Gao Yaojie dénonce inlassablement le scandale du sang contaminé en Chine. Inquiète du sort que lui réservent les autorités, elle doit annoncer publiquement qu’elle ne rentrera pas en Chine et restera aux Etats-Unis où elle se trouve.

« Je vais peut être devoir mourir en terre étrangère. Mais si je veux dire la vérité sur l’épidémie de Sida en Chine, je n’ai pas le choix», déclare la célèbre activiste âgée de 82 ans, dans une copie du discours qu’elle doit prononcer mercredi 2 décembre à Washington, et que s’est procuré le quotidien hongkongais South China Morning Post.
Elle y explique également que les persécutions dont elle est victime de la part des autorités n’ont pas cessé en 10 ans, jusqu’à son départ. Car d’après l’AFP, elle aurait secrètement quitté le pays en août dernier, avec l’aide de l’organisation China aid association,basée au Texas. C’est le sort réservé à Tan Zuoren, emprisonné au Sichuan en mars dernier pour avoir recensé les écoliers morts dans les écoles lors du séisme, qui aurait emporté sa décision de fuir la Chine.
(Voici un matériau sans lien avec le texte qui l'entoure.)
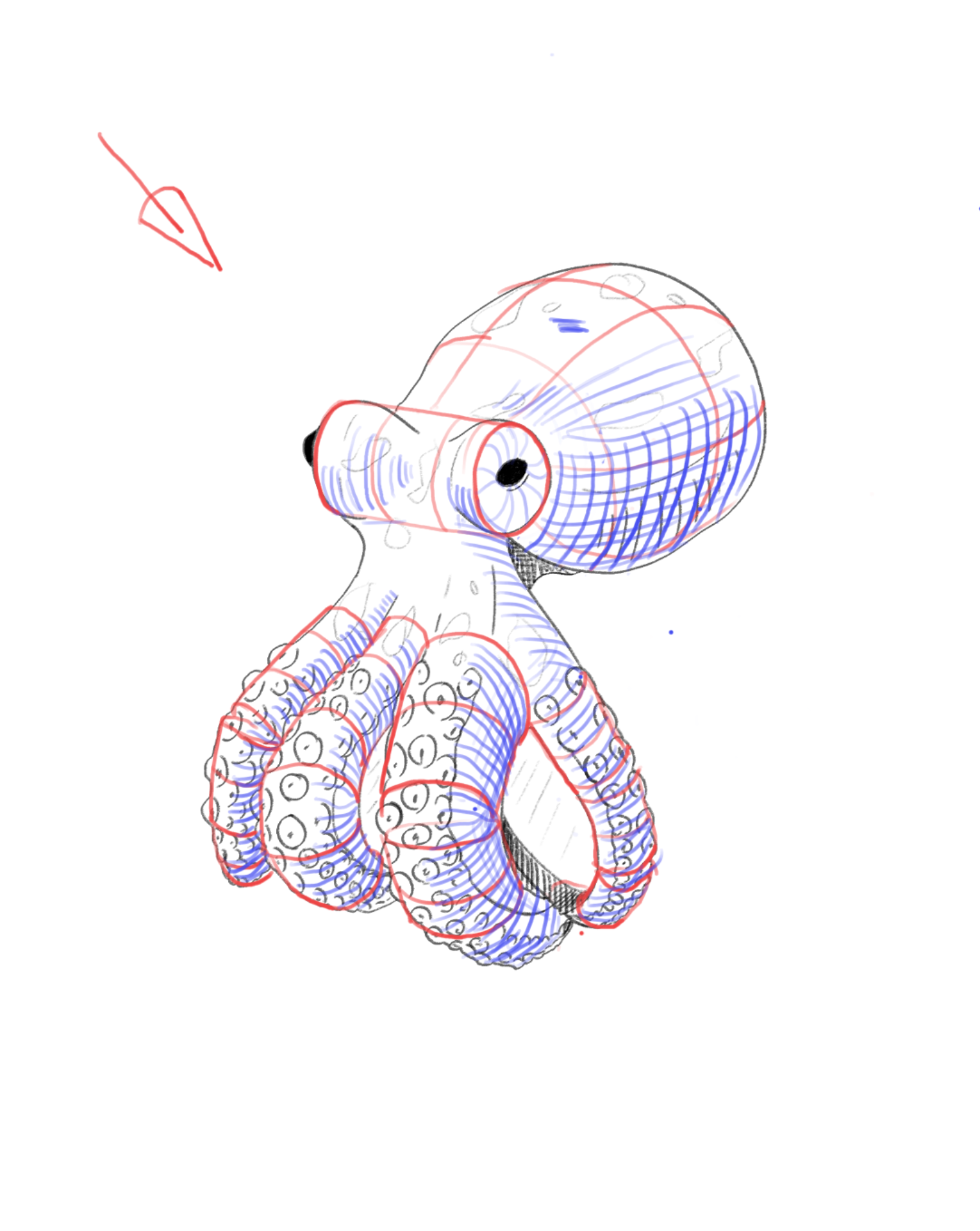 Sketch of octopus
Gao Yaojie se consacre depuis 1996 à aider les malades du Sida, tout particulièrement les paysans de sa province du Henan, contaminés massivement par les ventes de sang. Pékin a réagi depuis plusieurs années au «scandale du Henan» en apportant une aide financière, des traitements gratuits et en réglementant les collectes de sang.
Mais pour le docteur Gao, la contamination par le sang reste toujours la première cause de transmission du virus contrairement à ce que clament les autorités. Interviewée par Aujourd’hui la Chine en 2007, elle expliquait que des milliers d’anonymes ont été contaminés dans les hôpitaux d’Etat à travers tout le pays. En effet, une part substantielle du sang contaminé acheté aux paysans a été revendu aux hôpitaux, qui ont à leur tour transfusé leurs patients sans aucun test préalable. Le gouvernement tente par tous les moyens de nier cette réalité en faisant taire les activistes et les patients. Par conséquent, des milliers de personnes devenues séropositives après une transfusion continuent à ignorer leur état et à transmettre le virus. Les malades eux, tentent d’obtenir réparation, mais la moindre initiative est sévèrement réprimée par la police. Les tribunaux refusent d’instruire leurs plaintes.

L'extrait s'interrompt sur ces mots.